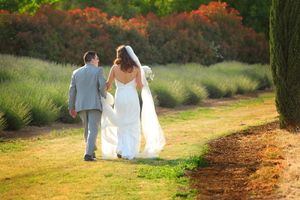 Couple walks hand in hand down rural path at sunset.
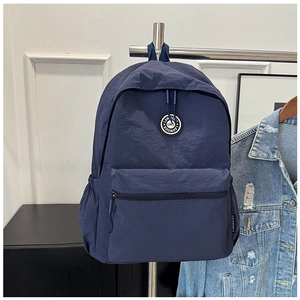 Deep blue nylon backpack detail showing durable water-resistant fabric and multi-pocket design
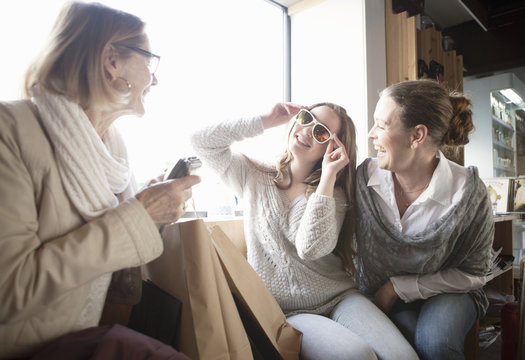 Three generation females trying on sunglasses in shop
==
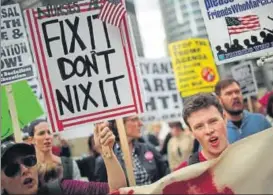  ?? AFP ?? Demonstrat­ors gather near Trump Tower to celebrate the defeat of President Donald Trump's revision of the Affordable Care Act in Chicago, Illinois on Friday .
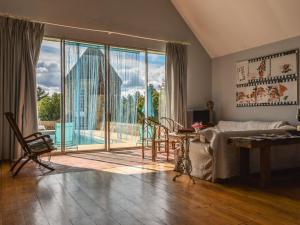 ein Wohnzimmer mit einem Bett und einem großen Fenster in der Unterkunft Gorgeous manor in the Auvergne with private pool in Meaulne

■ TASK REQUIREMENTS
Look above for the line with "Couple walks hand"; quote it and every line after it, stopping after the line with "Three generation females", exactly, with nothing added and without pictures.

■ REPLY
 Couple walks hand in hand down rural path at sunset.
 Deep blue nylon backpack detail showing durable water-resistant fabric and multi-pocket design
 Three generation females trying on sunglasses in shop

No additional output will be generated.